Starting at the line below holding "Christian Dior Caps Comfortable 2700" and stopping at the line holding "HARLEY-DAVIDSON FLTRXST Road", print every line exactly, both ends included, and leave the rest out.
━━━
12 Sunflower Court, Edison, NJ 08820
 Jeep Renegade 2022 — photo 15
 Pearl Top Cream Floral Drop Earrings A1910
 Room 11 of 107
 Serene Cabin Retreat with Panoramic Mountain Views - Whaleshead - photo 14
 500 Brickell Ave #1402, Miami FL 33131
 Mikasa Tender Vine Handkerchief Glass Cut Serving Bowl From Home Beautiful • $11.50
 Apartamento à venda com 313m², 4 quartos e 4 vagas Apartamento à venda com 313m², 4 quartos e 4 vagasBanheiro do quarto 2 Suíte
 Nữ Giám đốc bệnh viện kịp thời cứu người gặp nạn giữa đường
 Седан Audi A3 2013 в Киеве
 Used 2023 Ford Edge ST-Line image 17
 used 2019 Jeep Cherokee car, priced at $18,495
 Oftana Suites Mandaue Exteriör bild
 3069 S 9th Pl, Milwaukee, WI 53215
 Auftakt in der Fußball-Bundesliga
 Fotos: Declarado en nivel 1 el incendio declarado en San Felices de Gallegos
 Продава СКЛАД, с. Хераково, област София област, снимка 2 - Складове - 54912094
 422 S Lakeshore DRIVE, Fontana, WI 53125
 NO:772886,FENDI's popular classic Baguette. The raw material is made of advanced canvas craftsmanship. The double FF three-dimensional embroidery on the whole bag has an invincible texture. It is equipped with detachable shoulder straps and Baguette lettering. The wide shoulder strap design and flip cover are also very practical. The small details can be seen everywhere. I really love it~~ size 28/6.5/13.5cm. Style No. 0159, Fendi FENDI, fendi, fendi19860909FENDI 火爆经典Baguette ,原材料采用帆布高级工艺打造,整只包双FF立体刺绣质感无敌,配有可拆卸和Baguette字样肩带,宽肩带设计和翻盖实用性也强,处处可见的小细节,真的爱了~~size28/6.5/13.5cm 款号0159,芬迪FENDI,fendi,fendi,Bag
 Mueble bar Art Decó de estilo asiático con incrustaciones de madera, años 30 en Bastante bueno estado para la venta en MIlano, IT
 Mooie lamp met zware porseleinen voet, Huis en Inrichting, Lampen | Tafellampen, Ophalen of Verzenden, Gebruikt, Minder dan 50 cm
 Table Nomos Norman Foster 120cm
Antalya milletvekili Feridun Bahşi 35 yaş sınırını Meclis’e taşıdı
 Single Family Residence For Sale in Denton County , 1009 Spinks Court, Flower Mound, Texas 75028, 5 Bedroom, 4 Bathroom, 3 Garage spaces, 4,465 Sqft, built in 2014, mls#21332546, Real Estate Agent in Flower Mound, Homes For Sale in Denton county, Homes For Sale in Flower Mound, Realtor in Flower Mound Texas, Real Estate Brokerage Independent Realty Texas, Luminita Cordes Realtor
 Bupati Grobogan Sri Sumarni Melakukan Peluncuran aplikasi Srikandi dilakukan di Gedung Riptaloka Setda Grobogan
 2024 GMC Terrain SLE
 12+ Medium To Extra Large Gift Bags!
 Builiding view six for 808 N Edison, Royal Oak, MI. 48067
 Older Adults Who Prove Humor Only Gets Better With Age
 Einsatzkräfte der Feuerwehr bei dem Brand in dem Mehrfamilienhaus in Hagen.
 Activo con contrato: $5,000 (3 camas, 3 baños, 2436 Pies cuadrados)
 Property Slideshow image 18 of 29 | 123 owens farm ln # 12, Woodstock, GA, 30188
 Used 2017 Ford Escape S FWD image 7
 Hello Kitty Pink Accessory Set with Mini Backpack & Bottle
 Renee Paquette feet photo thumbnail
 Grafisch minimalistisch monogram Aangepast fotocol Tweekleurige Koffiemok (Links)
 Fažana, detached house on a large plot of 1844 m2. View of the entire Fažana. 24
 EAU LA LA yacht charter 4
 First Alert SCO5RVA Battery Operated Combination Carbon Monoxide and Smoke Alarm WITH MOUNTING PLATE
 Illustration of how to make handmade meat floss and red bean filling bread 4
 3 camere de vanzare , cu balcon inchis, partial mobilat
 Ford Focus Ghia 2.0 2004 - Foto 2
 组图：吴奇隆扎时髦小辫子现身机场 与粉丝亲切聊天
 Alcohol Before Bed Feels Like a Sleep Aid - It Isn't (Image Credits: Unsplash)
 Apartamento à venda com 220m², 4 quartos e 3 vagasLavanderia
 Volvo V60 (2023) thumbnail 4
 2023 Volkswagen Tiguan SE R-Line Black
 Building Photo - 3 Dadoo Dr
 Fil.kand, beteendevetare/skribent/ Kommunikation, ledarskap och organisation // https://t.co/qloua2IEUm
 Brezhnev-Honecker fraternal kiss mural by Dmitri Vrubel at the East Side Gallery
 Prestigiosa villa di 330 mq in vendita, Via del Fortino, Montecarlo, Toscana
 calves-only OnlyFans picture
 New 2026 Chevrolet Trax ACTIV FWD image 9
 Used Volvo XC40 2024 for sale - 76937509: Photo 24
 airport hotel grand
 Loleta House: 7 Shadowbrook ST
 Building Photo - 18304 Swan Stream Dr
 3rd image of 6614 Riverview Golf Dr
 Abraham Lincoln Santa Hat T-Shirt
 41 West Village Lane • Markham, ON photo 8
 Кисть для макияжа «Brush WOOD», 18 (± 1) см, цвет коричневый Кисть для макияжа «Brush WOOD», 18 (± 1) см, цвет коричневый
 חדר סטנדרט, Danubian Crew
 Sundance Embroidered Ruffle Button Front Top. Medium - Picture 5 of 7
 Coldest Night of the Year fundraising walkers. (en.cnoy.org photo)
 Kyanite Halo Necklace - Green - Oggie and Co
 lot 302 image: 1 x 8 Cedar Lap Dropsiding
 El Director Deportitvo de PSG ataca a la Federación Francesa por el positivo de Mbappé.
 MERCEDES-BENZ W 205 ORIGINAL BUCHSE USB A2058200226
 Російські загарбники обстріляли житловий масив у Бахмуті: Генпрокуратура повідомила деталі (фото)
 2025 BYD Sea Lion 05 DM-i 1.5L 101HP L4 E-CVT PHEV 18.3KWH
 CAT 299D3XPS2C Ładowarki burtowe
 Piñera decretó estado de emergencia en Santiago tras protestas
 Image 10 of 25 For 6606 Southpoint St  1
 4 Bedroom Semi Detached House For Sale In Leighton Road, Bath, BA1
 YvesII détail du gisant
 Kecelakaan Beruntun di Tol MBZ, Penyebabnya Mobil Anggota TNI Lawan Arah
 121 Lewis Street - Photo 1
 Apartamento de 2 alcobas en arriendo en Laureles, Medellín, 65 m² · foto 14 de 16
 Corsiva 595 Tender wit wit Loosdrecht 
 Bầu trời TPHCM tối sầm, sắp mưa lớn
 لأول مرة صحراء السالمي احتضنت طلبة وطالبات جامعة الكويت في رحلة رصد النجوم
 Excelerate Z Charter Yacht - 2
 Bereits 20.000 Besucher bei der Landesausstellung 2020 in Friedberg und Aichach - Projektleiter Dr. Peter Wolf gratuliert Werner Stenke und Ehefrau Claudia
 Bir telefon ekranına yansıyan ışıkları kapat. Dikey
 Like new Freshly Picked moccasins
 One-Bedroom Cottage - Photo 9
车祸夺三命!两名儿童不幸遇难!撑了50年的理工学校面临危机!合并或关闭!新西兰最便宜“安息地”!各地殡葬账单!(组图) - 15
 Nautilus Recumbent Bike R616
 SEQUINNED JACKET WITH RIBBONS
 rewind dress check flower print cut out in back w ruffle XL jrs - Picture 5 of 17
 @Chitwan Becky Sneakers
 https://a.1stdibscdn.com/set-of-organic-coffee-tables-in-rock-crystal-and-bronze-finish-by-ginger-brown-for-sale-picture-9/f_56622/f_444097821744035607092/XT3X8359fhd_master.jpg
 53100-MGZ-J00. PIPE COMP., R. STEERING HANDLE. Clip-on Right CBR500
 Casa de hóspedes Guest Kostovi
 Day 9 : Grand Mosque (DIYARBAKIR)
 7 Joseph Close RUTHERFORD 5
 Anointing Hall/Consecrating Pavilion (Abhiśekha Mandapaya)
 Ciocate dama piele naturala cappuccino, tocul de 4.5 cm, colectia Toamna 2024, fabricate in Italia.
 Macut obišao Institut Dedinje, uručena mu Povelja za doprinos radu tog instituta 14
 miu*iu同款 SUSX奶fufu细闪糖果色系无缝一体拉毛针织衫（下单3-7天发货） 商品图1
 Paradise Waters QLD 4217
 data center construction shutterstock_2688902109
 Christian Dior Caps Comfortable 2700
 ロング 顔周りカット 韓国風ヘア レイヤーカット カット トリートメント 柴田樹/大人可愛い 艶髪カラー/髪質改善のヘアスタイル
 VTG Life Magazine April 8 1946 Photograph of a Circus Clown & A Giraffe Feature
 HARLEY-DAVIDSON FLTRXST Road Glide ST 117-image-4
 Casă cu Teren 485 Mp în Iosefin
━━━
Expected answer:
 Christian Dior Caps Comfortable 2700
 ロング 顔周りカット 韓国風ヘア レイヤーカット カット トリートメント 柴田樹/大人可愛い 艶髪カラー/髪質改善のヘアスタイル
 VTG Life Magazine April 8 1946 Photograph of a Circus Clown & A Giraffe Feature
 HARLEY-DAVIDSON FLTRXST Road Glide ST 117-image-4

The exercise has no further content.